On September 8, Al-Qaeda in the Islamic Maghreb (AQIM) issued a statement via its official website affirming that it was responsible for the suicide attacks against a Coast Guard barracks in Dellys and the attempted assassination of Algerian President Abdelaziz Bouteflika in Batna (Echorouk al-Youmi, September 9). These attacks, which are the fourth and fifth instances respectively that an AQIM member has successfully undertaken a martyrdom operation in Algeria, signify the continuance of a relatively new and deeply divisive attack trend initiated with the advent of AQIM. Although suicide operations are not new to the region as a whole, they are a major departure from the norm in Algeria and are indicative of how AQIM’s amir, Abu Mus’ab Abd al-Wadoud (also known as Abdelmalek Droudkel), has altered the group’s ideology and strategy.
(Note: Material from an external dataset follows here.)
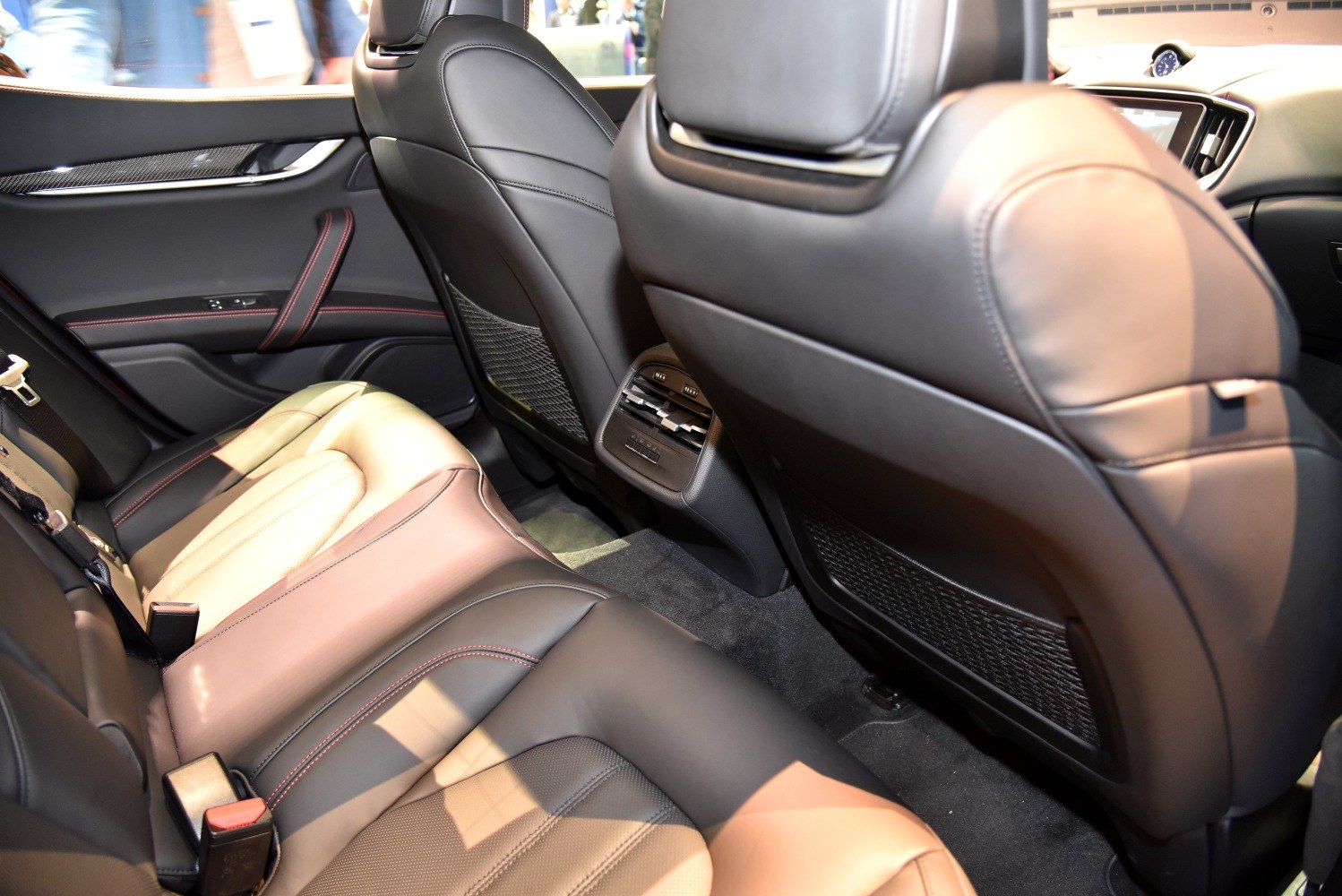 Premium rear leather seats and dual-zone rear climate control vents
Although intended to bring media attention to AQIM and its struggle, the liberal use of this tactic and the killing of innocent Muslim civilians will do more to hurt the organization than help it.
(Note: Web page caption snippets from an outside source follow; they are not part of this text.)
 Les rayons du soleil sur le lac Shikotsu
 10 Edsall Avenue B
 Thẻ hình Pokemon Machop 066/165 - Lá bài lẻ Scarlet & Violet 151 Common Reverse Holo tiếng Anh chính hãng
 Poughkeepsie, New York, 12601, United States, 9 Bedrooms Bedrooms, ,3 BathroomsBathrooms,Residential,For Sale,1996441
By utilizing this tactic, AQIM’s leadership signaled its desire for more potent communicative means to revitalize its image. In recent years, the Salafist Group for Call and Combat (GSPC), the predecessor to AQIM, had suffered under the government’s counter-terrorism strategy. Beset by defections, the GSPC was becoming alienated from mainstream Algerian society and suffered from a loss of morale and cohesion (Terrorism Focus, March 31, 2005). Then, on April 11, two members of AQIM committed the first suicide attacks in recent Algerian history. As a communicative method, this event showed the potency of this tactic in generating media attention. Although previous attacks had drawn some renewed attention to the Algerian jihad, the April 11 bombings marked a definitive point in AQIM’s publicity strategy and successfully revitalized the Algerian jihad in the global conscience.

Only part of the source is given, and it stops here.